Work item – Please copy each line of the records below that holds the word "Back".

Recorded data –
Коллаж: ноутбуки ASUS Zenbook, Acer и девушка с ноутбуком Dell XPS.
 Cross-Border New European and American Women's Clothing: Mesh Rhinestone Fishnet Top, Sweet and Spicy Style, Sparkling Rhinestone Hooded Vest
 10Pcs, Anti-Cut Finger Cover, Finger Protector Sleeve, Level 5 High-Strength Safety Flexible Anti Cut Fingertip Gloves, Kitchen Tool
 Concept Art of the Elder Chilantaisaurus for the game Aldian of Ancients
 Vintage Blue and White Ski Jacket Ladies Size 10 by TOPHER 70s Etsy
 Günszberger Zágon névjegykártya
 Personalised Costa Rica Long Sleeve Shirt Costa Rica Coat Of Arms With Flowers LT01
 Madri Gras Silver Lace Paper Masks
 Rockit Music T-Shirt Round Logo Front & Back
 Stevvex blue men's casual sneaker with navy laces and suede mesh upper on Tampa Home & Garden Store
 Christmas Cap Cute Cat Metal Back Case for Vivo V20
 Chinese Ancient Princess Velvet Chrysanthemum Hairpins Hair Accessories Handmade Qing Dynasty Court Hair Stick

Exercise result –
 Rockit Music T-Shirt Round Logo Front & Back
 Christmas Cap Cute Cat Metal Back Case for Vivo V20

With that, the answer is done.